YOUR GOAL: Your answer must be the full set of records, copied exactly, with no pictures in it.

☆ ☆ ☆ ☆

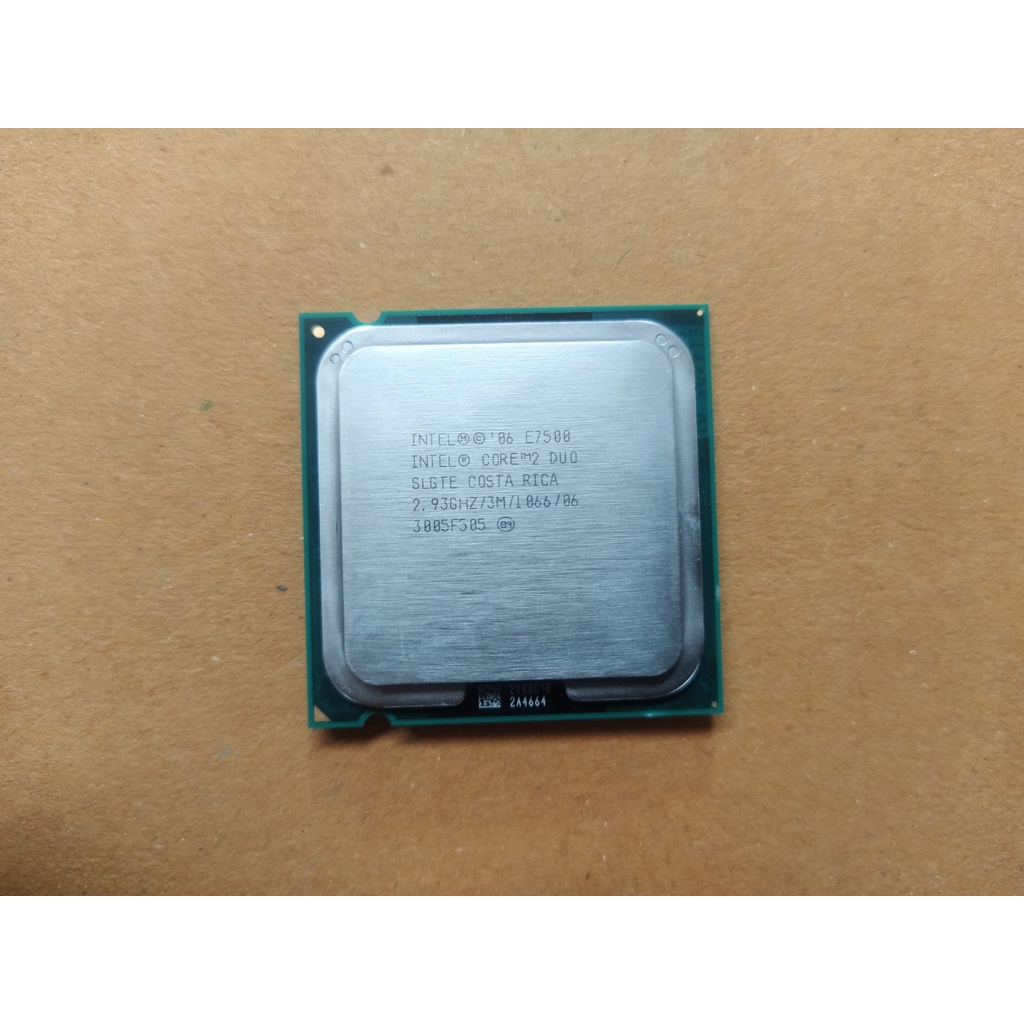 CPU Intel Core 2 Duo E7500, LGA 775, 3M Cache, 2.93 GHz, 1066 MHz ...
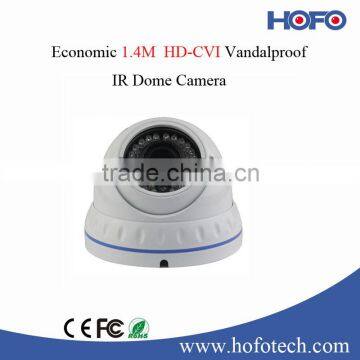 Vari focal lens indoor 1.4Megapixel CVI camera, HD CVI camera,Video Surveillance Dome Camera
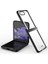Samsung Galaxy Z Flip 4 Kılıf Fold Element Kapak - Siyah Bstmy 1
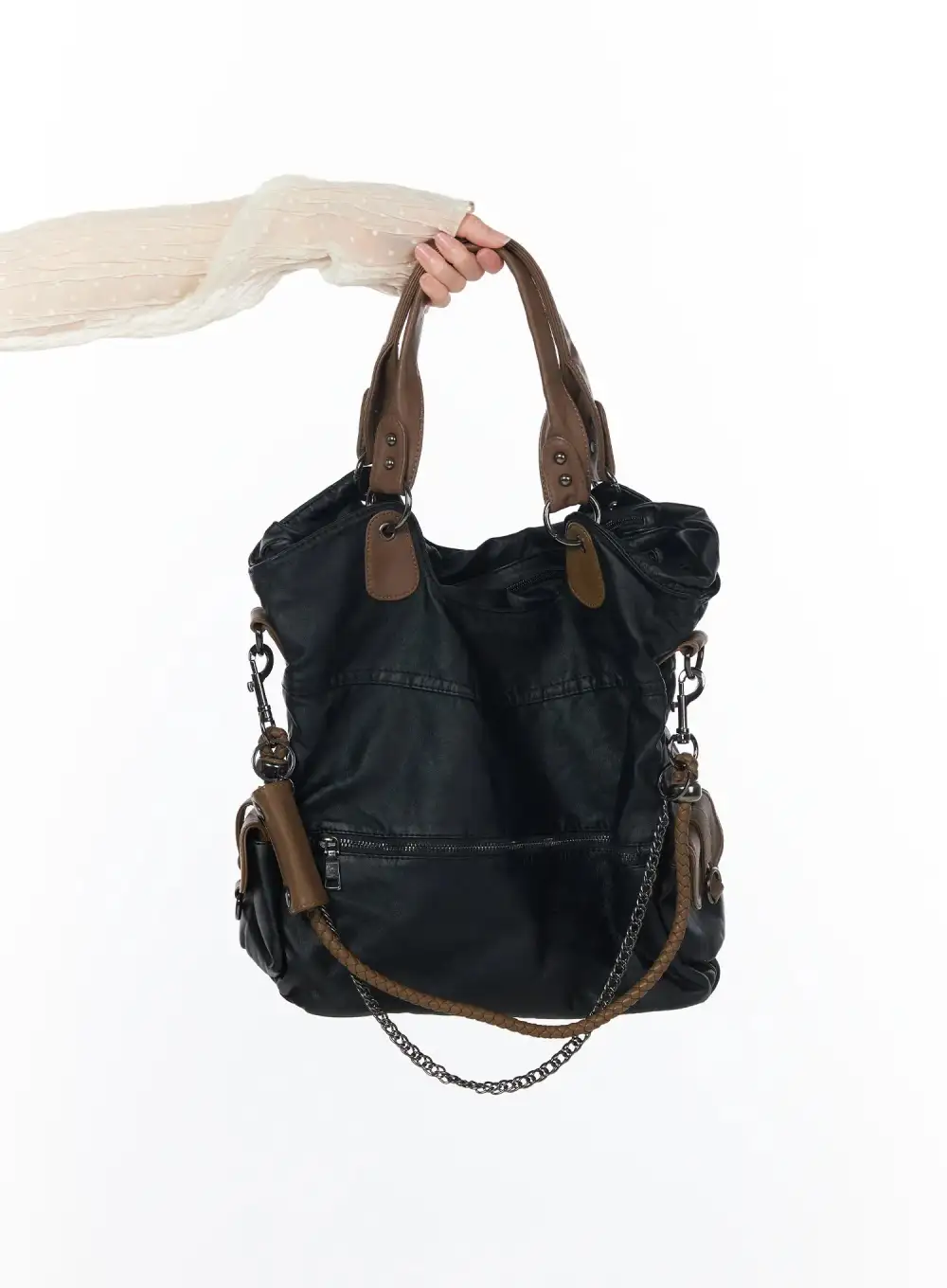Vintage Style Faux Leather Shoulder Bag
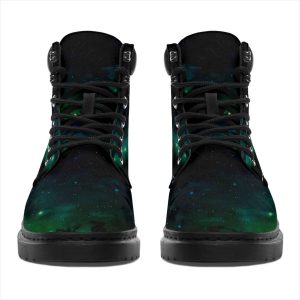 Sun & Moon Vegan Leather Boots: Allweather Celestial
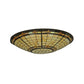 Meyda Lighting Fleur-de-Lite 48" Multi-Colored Stained Shade Glass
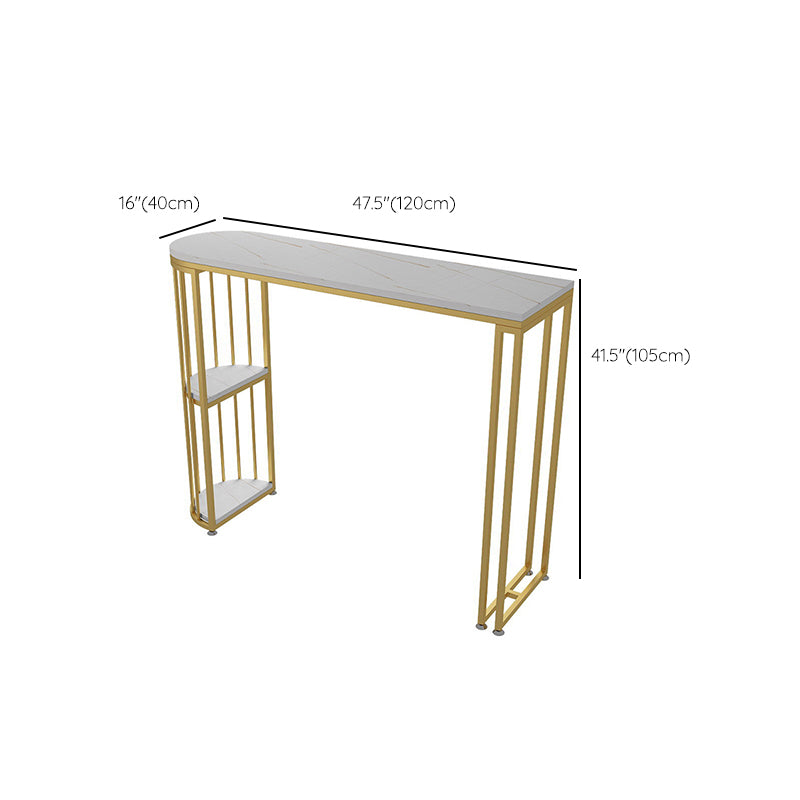 1/3 Pieces Oval Bar Stool and Table Set Glam Table and Stool Set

☆ ☆ ☆ ☆

RESULT OF THE EXERCISE:
 CPU Intel Core 2 Duo E7500, LGA 775, 3M Cache, 2.93 GHz, 1066 MHz ...
 Vari focal lens indoor 1.4Megapixel CVI camera, HD CVI camera,Video Surveillance Dome Camera
Samsung Galaxy Z Flip 4 Kılıf Fold Element Kapak - Siyah Bstmy 1
Vintage Style Faux Leather Shoulder Bag
 Sun & Moon Vegan Leather Boots: Allweather Celestial
 Meyda Lighting Fleur-de-Lite 48" Multi-Colored Stained Shade Glass
 1/3 Pieces Oval Bar Stool and Table Set Glam Table and Stool Set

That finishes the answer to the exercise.